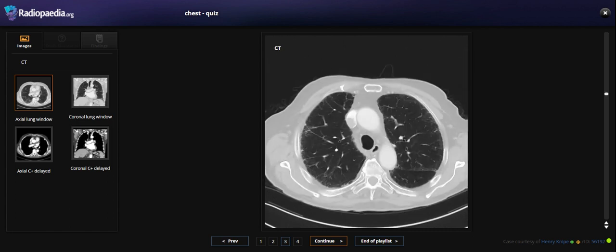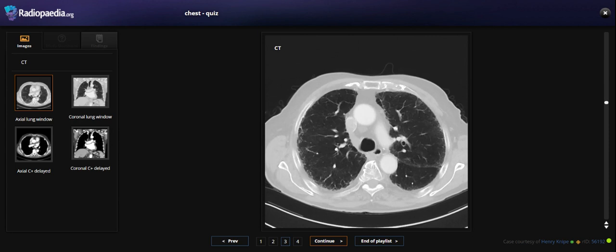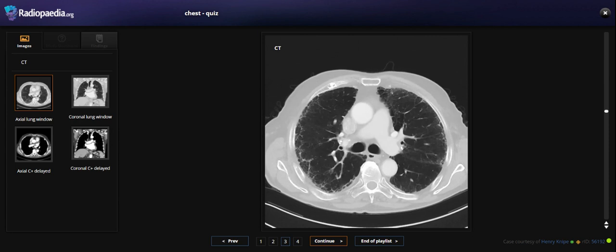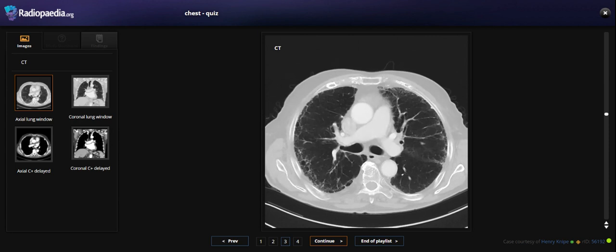So this is what we see: minimal, subtle changes — including air trapping, small airway disease, and bronchitis.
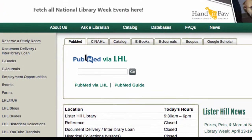PubMed. Use the PubMed database to find journal articles in the biomedical field.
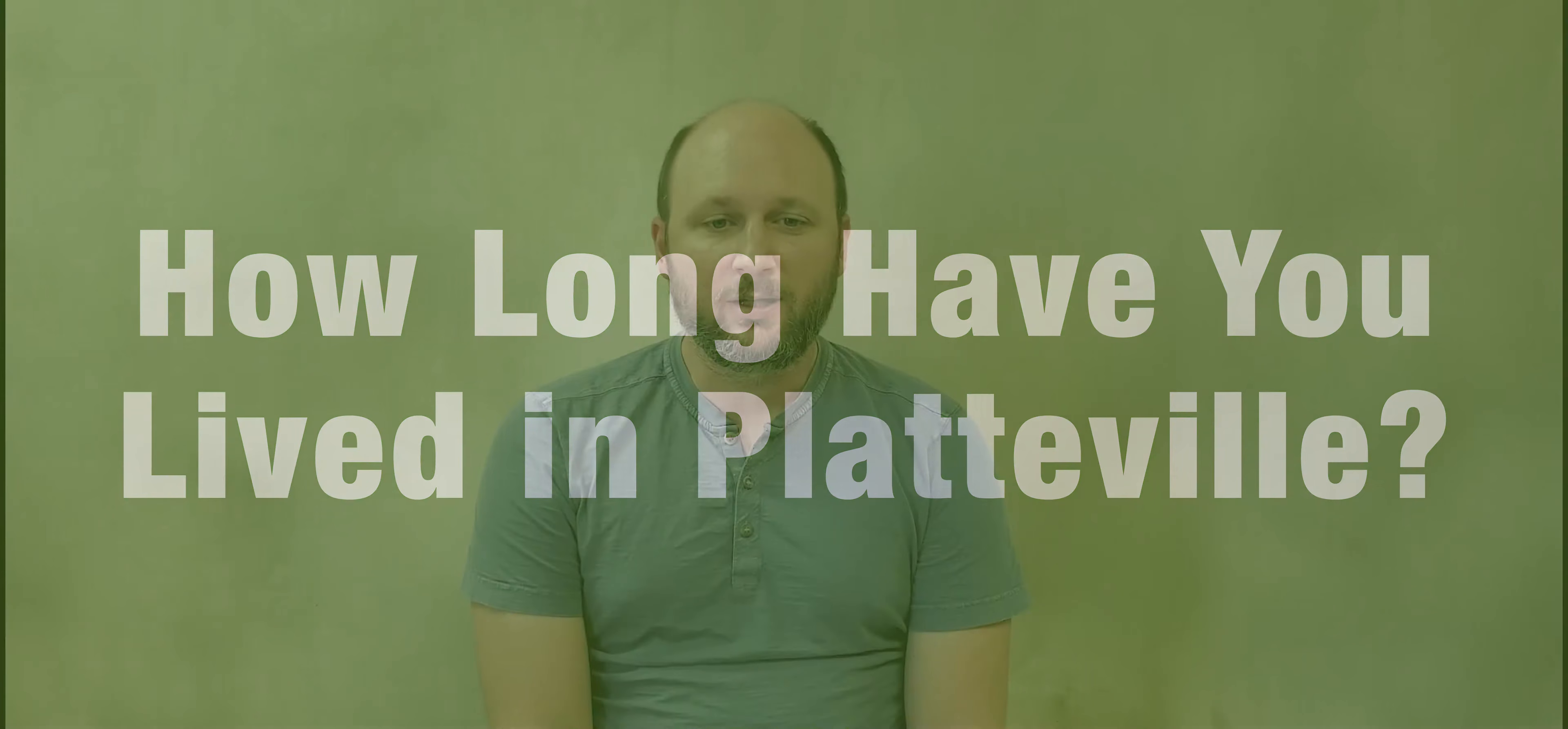In terms of how long I've lived in Platteville, I've lived off and on for about 15 years. I did my undergraduate work here at UW-Platteville, and I also got my master's degree. I came back for my master's degree in 2005 and I've been living in Platteville since then, so about 15 to 16 years.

————————

__Aim of the task__
Go through the listing above and retype it exactly, skipping every picture.

__Output below__
So this is what we see: minimal, subtle changes — including air trapping, small airway disease, and bronchitis.
PubMed. Use the PubMed database to find journal articles in the biomedical field.
In terms of how long I've lived in Platteville, I've lived off and on for about 15 years. I did my undergraduate work here at UW-Platteville, and I also got my master's degree. I came back for my master's degree in 2005 and I've been living in Platteville since then, so about 15 to 16 years.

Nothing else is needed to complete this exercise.